By the time my writing was completed the men were pretty well settled down for the night. On the outside the roaring of the Austrian guns, which for days had been bombarding their way into Antwerp, now became less constant; less and less frequently the hoarse commands of the officers, mingled with the rumbling of the automobiles, came up from the courtyard below. At midnight the only sounds were the groans and moans of the twisting sleepers and the measured tread of the sentry as he paced up and down the hall, his silhouette darkening at regular intervals the glass door at the end of our little room.
I was placed in a. sort of adjoining closet with six others. A motley mixture indeed; a Russian, an American, four Belgians, and a German—all prisoners awaiting our sentences. As a last move, the German soldier guards sandwiched themselves into the open spaces on the floor, their long bayonets glistening in the electric light that blazed down upon us. The peasants had characteristically closed the windows to keep out the baneful night air. In the main room a drop-light with shade flung its radiance on a table and lit up the anxious faces of the few men gathered round it. It showed one poor fellow bolt upright, unspeaking, unmoving, his fixed white eyeballs staring into space, as though he would go stark mad. Those eyes have forever burned themselves into my brain, a pitiful protest against a mad, wild world at war.

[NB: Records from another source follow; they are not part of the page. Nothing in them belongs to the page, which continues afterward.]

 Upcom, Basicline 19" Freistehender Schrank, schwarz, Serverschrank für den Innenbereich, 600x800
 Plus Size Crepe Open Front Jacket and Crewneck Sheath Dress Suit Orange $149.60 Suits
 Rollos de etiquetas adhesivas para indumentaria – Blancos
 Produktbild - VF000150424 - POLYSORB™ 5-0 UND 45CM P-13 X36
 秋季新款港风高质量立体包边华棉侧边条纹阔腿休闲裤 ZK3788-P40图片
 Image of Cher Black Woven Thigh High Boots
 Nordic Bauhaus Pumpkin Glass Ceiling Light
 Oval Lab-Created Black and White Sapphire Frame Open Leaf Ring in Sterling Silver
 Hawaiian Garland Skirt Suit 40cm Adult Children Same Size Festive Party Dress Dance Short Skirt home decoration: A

Sleep was entirely out of the question with me. It wasn’t the bad air or the hard floor or the snores of my comrades, but just plain cold fear. Now I possess an average amount of courage. Quite alone I walked in and out of Liege when the Germans were painting the skies red with the burning towns. My ribs were massaged all the way by ends of revolvers, whose owners demanded me to give forthwith my reasons for being there, they being sole arbiters of whether my reasons were good or bad. I got so used to a bayonet pointing into the pit of my stomach that it hardly looks natural in a vertical position.